*Source data:*
▼
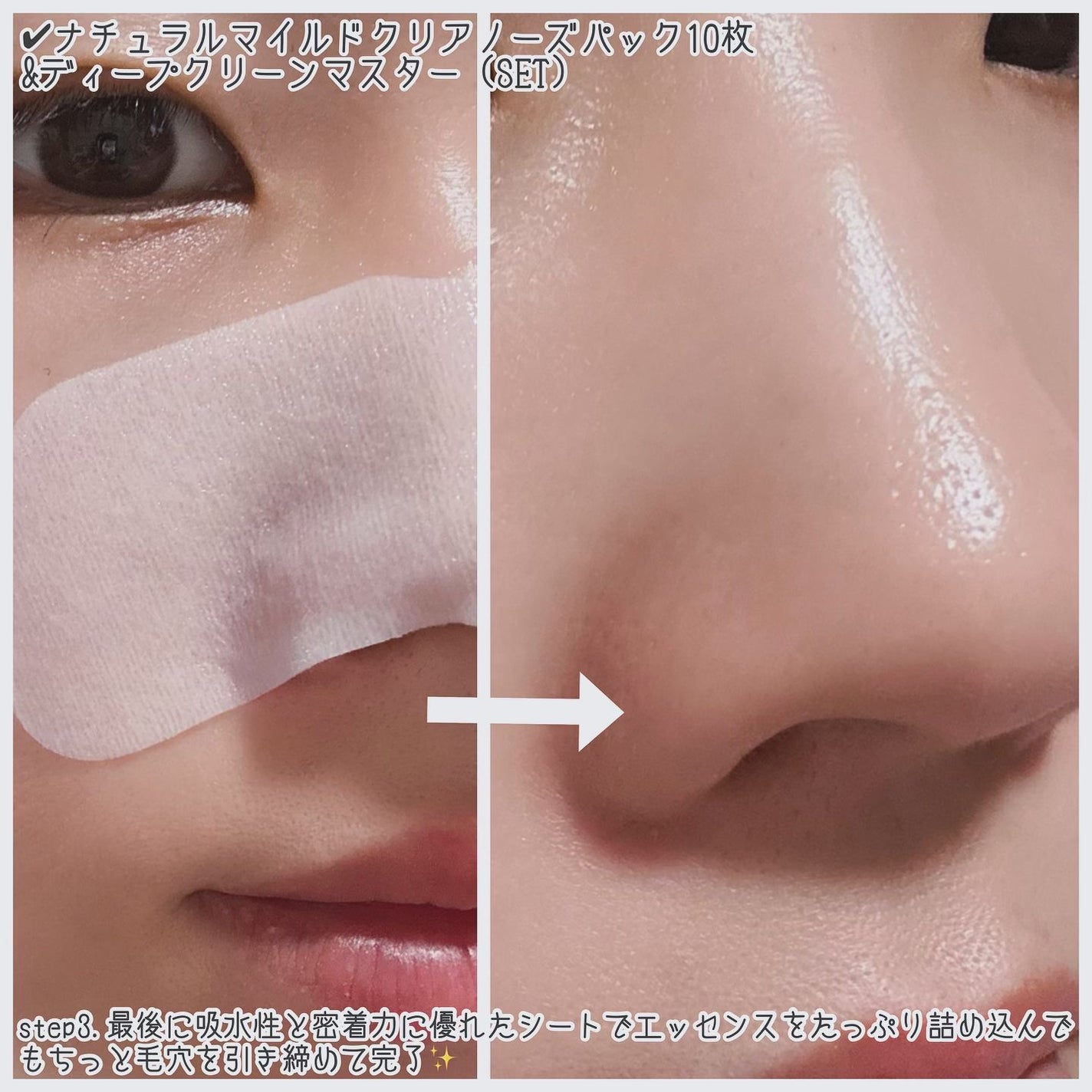 ナチュラルマイルドクリアノーズパック/ilso/シートマスク・パックを使ったクチコミ(5枚目)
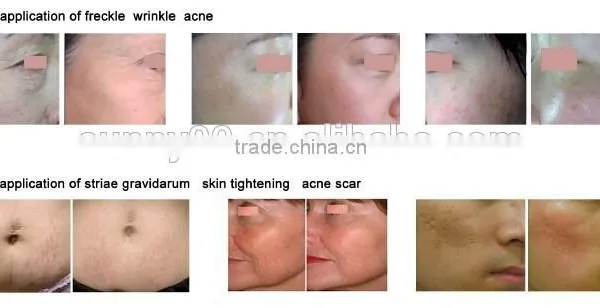 2013 Hot Sale!! Fractional Co2 Laser For Surgical Scar Removal photo-2
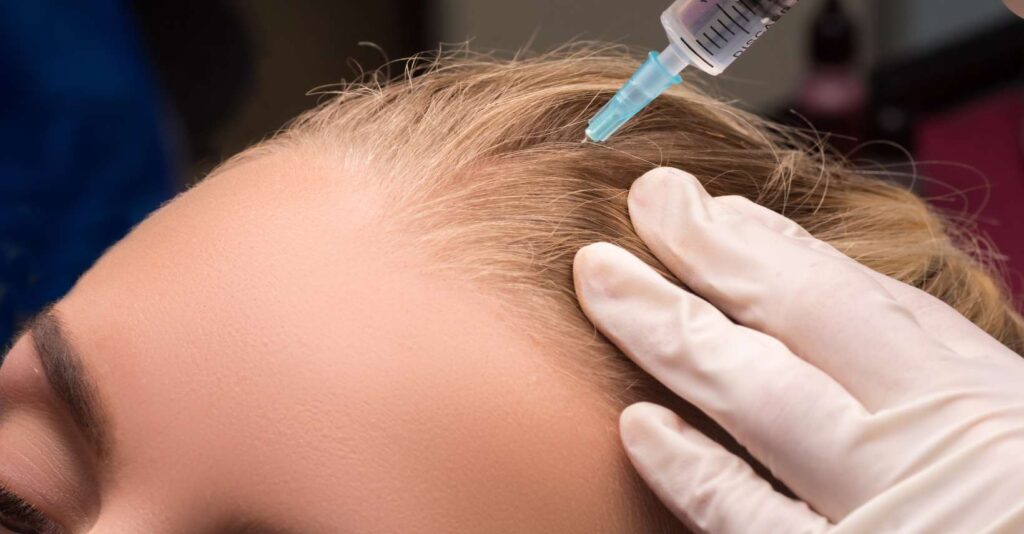 Mesotherapy Hair Loss Treatment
▲
*Assigned task:* Every line of the listing is to be retyped exactly; pictures stay out.

*Completed task:*
 ナチュラルマイルドクリアノーズパック/ilso/シートマスク・パックを使ったクチコミ(5枚目)
 2013 Hot Sale!! Fractional Co2 Laser For Surgical Scar Removal photo-2
 Mesotherapy Hair Loss Treatment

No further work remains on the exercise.